:: Listed records ::

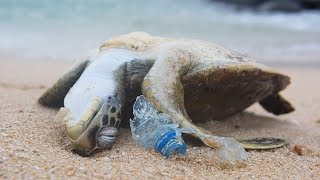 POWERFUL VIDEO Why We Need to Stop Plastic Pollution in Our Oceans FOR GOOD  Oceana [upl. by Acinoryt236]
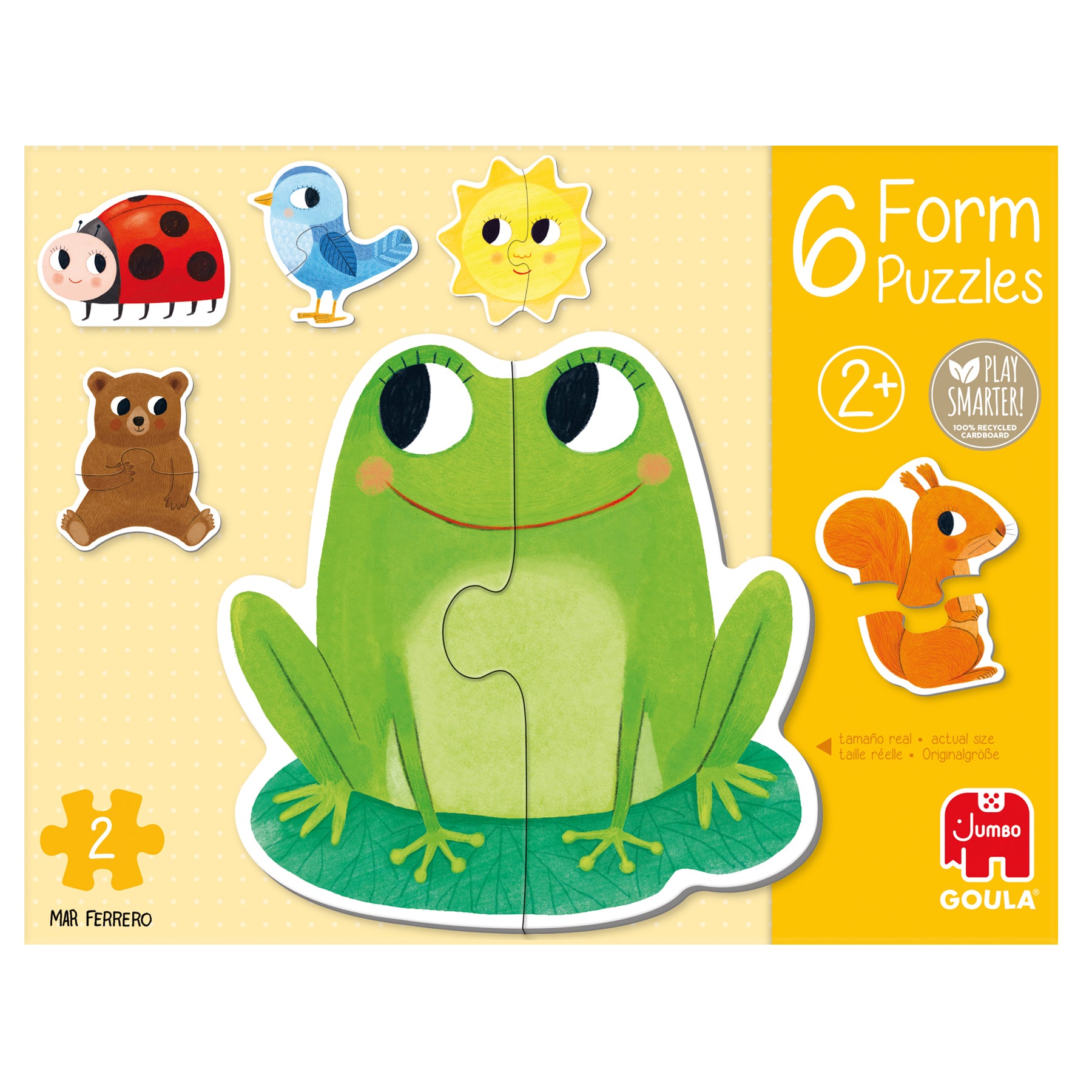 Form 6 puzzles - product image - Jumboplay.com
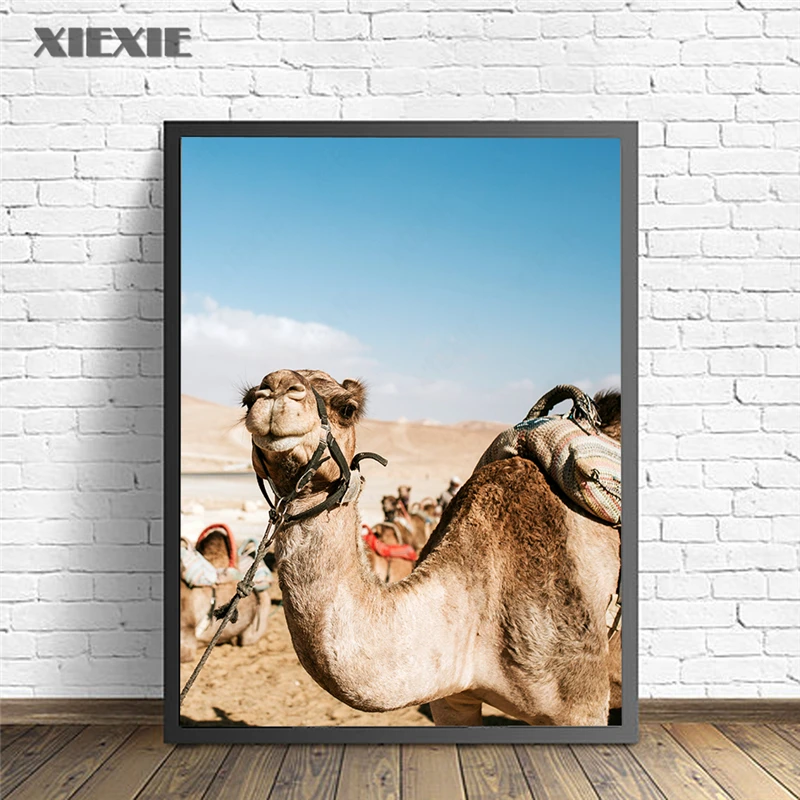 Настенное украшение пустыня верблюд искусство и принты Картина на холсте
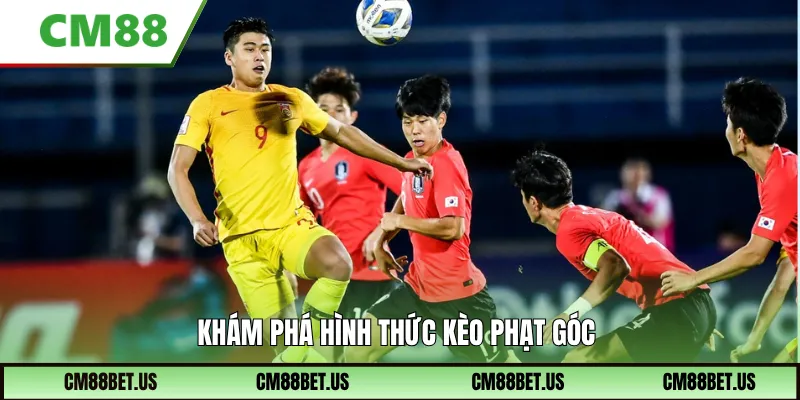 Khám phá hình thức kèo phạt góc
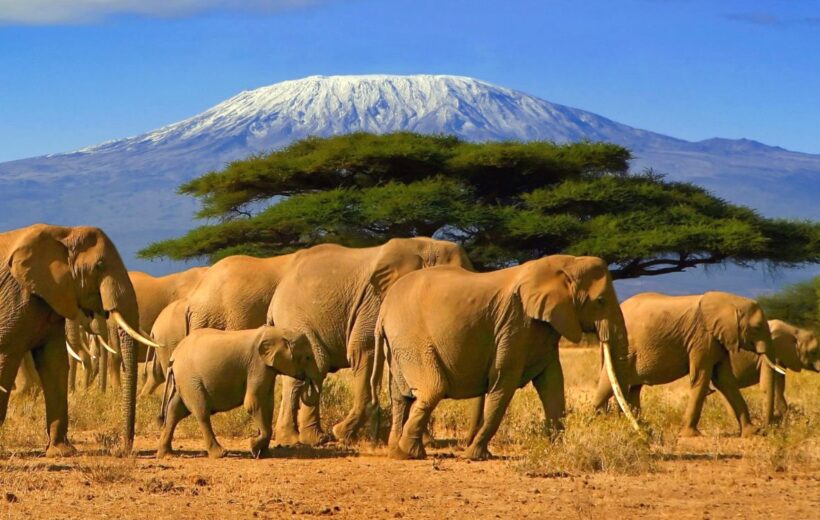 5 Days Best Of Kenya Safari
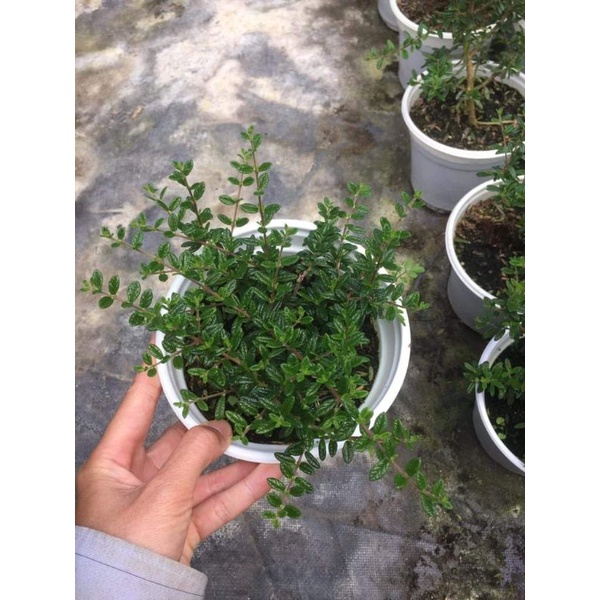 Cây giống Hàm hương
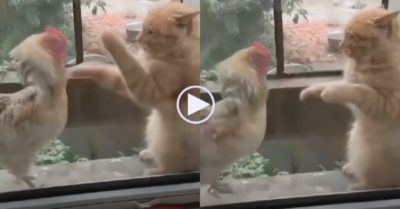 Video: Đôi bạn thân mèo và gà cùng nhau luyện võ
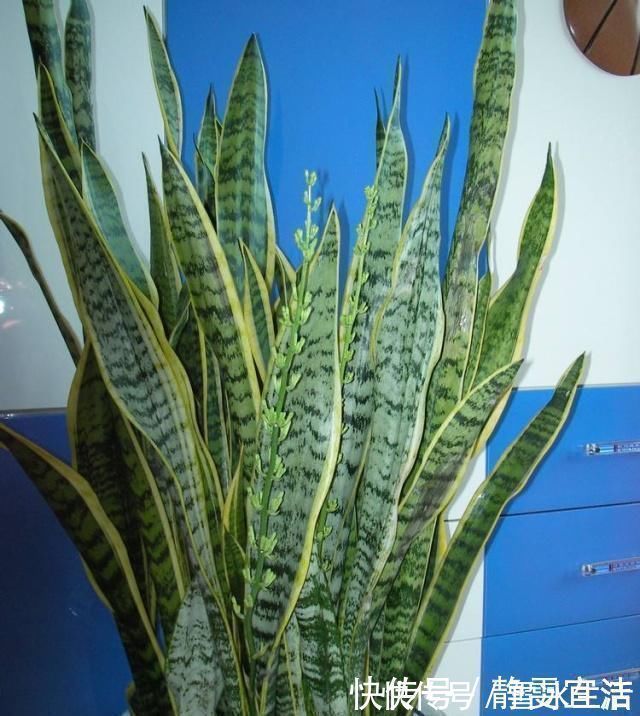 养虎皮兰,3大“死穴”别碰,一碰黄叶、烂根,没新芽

:::

Task goal: The required answer is an exact copy of the lines from the one containing "Khám phá hình thức kèo phạt góc" through the last line of the material, with the pictures removed.

Result:
 Khám phá hình thức kèo phạt góc
 5 Days Best Of Kenya Safari
 Cây giống Hàm hương
 Video: Đôi bạn thân mèo và gà cùng nhau luyện võ
 养虎皮兰,3大“死穴”别碰,一碰黄叶、烂根,没新芽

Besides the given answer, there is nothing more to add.